The easy way to do this is to exploit Python's freedom by shimming (well, replacing) the gethostbyname()
and gethostbyaddr() functions in the socket module with
completely fake versions, for example simple functions that just consult
an internal table for the results they should return for various
lookups. You then test your IP to hostname mapping code against these
known fake IP addresses and make sure it returns correct results (since
you already know what each IP address should result in; you specified
it).
(Make sure that your test framework saves the original functions and puts them back into place after the test finishes; otherwise things may get very confused.)
Shimming ordinary module functions is usually a relatively
simple thing (another useful module to shim is the time module, if you are testing
time-dependent things). With more work you can shim entire classes, such
as socket.socket, so that code that creates its own sockets and does
things to them can be tested under completely controlled conditions.
(Watch out, though; it's easy for your shims to get overly complex and clever. I was probably there by the end of my unit testing fun. Also, remember to document what all of this clever testing code does, or you may have more excitement than you want in a year or so.)
Disclaimer: this is unlikely to be the officially TDD-approved way of unit testing this sort of stuff. But it has the two great virtues of not contorting your actual code and being relatively simple.
2008-05-01
What the co_names attribute on Python code objects is
As a trap for the unwary, Python code objects have both a co_names
and a co_varnames attribute.
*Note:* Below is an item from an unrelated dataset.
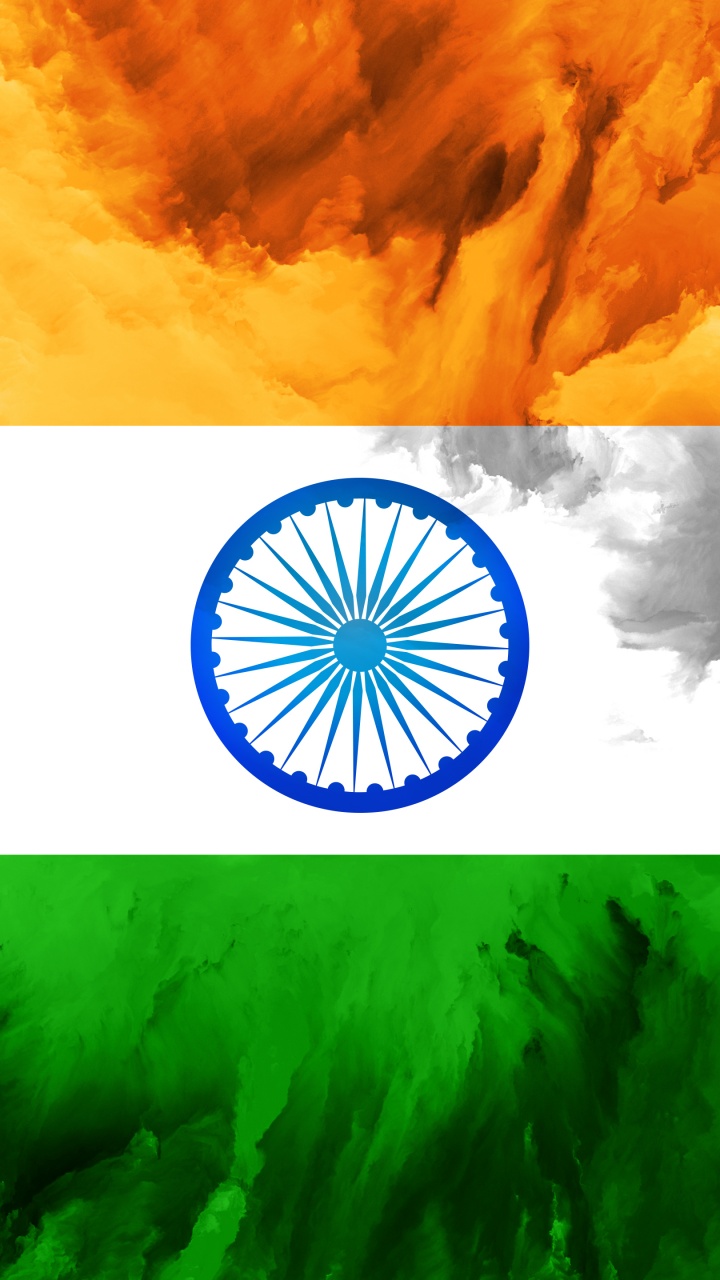 Indian Flag 4K Wallpaper, Tricolour Flag, National Flag, Flag of India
Since I just confused myself about
which was what the other day, here is what the
co_names one is.
Put simply, co_names is a tuple of names of globals and attributes
that are used by the function's code. For example, if you have 'a =
self.bar()' in the function, the 'bar' will show up in co_names,
as will the 'foo' from 'a = foo()'.
(Perhaps I should call these 'identifiers' instead of 'names'. In Ruby and Lisp and probably elsewhere these are called symbols.)
Ultimately this is part of how the CPython bytecode interpreter is
implemented. When the bytecode interpreter refers to anything but a
local variable, it has to do an attribute lookup
with the name to get the actual object involved. Rather than put the
name that's being looked up directly in the bytecode instructions,
CPython puts all the names into a table and has the instructions refer
to table slots, so the LOAD_GLOBAL instruction says 'look up name 3'
instead of 'look up "somevar"'. And co_names is that table (or at
least a representation of that table).
Each name only appears once in co_names, no matter how many times
it's used in your function and no matter if it's used in different
contexts; if you have both 'obj.foo' and 'foo()' in your code, there
will only be one "foo" in co_names, even though one use of the name
is for an object attribute and one is for a global. As far as I can tell
from reading CPython source, names are always interned strings and so
are globally unique.
(The co_names table slot numbers are of course a per-function thing;
slot 0 in different functions will refer to completely different names.)